Why India may be the next destination for Peugeot

Murali Gopalan Mumbai | Updated on February 19, 2014 Published on February 19, 2014

For the automaker, India is the only missing link in its BRIC strategy

The Dongfeng-PSA Peugeot Citroen alliance announced in Paris on Wednesday could pave the way for an India entry in the coming years.

The partners will establish an R&D centre in China as well as an export joint venture which will cater to the ASEAN region. Interestingly, in his brief presentation, PSA’s CEO-in-waiting, Carlos Tavares, has hinted at a renewed BRIC strategy. According to him, it is first imperative to turn around Russia and Latin America ‘with a deeper accelerated local integration and an appropriate product range’. It is as important to ‘reinforce an ambitious development plan in China’ leveraging the Dongfeng alliance.

History of tie-ups

The clincher is in the next step, which according to Tavares, lies in accelerating development in ‘next BRIC’ markets with a reinforced local integration.

This is where India may just become part of the French automaker’s roadmap as it sets about putting its house in order with its Chinese ally. PSA already has a presence in Russia and Brazil with India the only missing link on its BRIC radar. There is no indication if this will happen in a hurry but the importance of this market will not be lost on the carmaker and Dongfeng. This is pretty much on the lines of what China’s SAIC Motor Corp and General Motors had planned for India five years ago. This was the time the Chinese automaker threw a lifeline to GM which was in all sorts of trouble after the Detroit crash of 2009.

SAIC intended to create a presence in India before heading out to ASEAN. It is, of course, a different matter that nothing of the kind happened.

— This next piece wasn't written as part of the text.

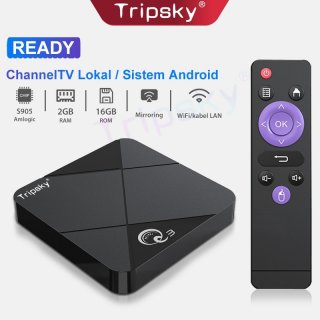 Tripsky MiniQ3 Android 9 2.4G Wifi Smart Tv Box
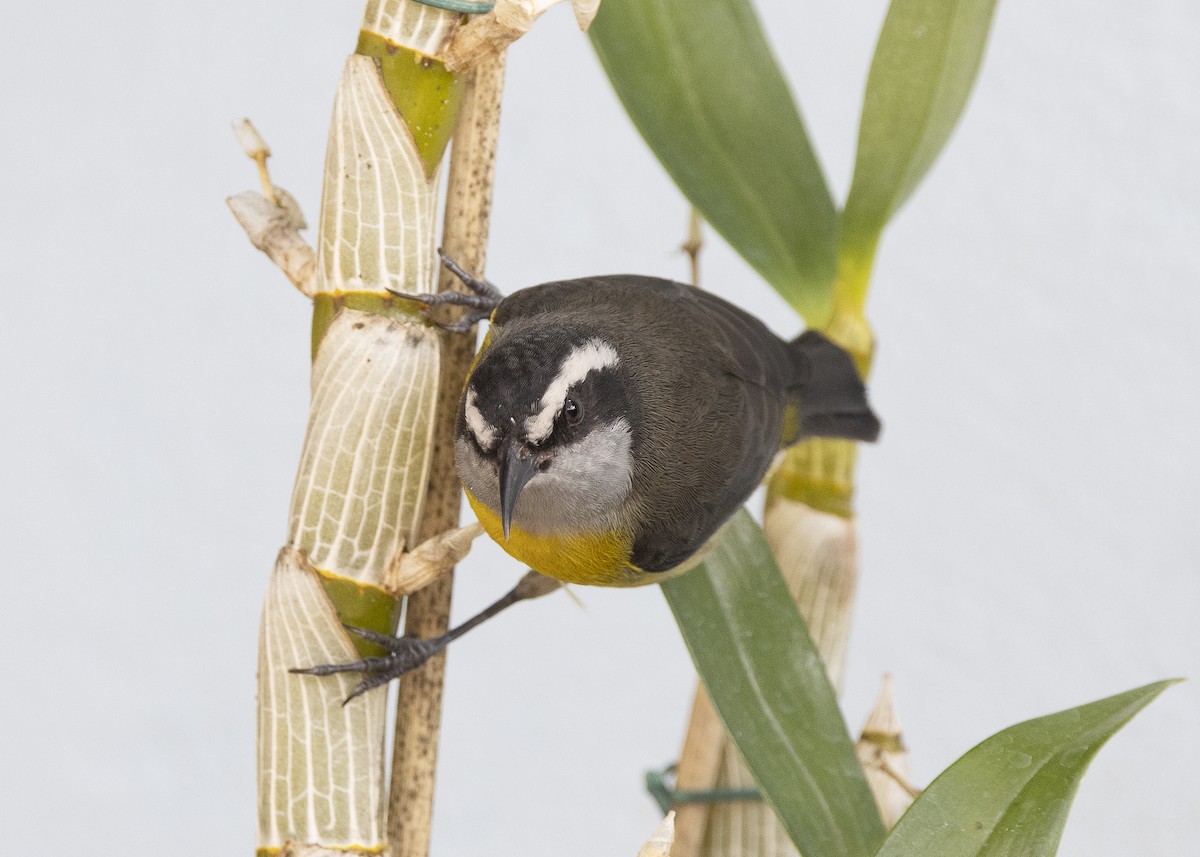 Bananaquit - ML638291512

PSA shelved its India plans soon after it announced its second innings with a lot of fanfare. This was largely due to the fact that it was trapped in a severe financial crisis which just would not justify fresh investments elsewhere.

The top priority then was to revive its European operations which resulted in teaming up with GM.

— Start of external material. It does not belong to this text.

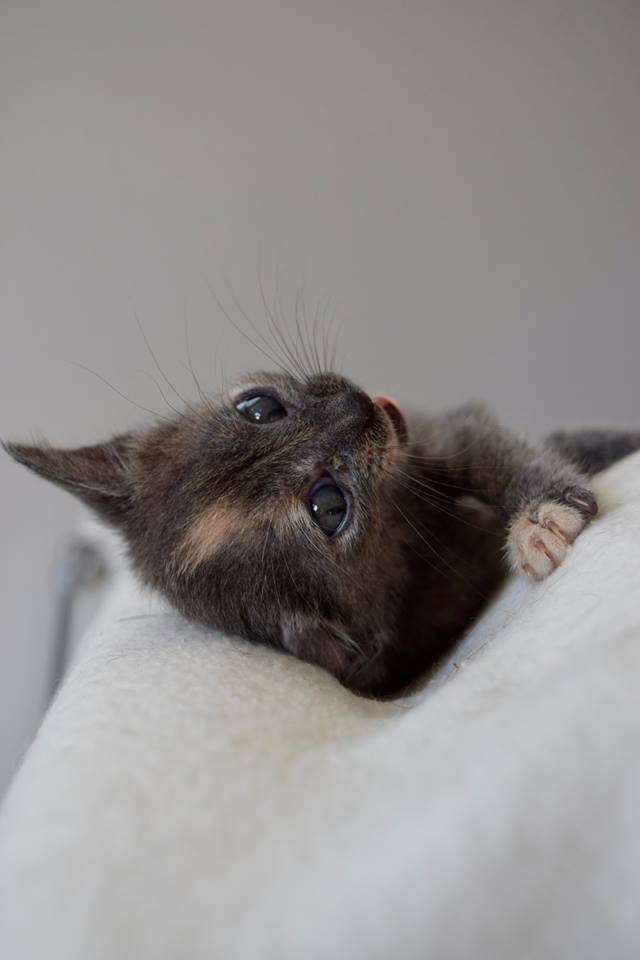 Facebook @God's Little People Cat Rescue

Now, Dongfeng’s lifeline pretty much means that the road ahead for PSA will mean a renewed focus on emerging economies which contribute to over 40 per cent of its business.

The Chinese company would also be keen to build its brand overseas and this is where PSA’s global experience will help.

Tavares, who takes over from Philippe Varin during the course of this year, will need to steer PSA effectively on this new path.

He is no stranger to the imperatives of globalisation having spent years at Renault-Nissan. Tavares also knows what India has to offer and will be keen on working out a smart business model for PSA-Dongfeng.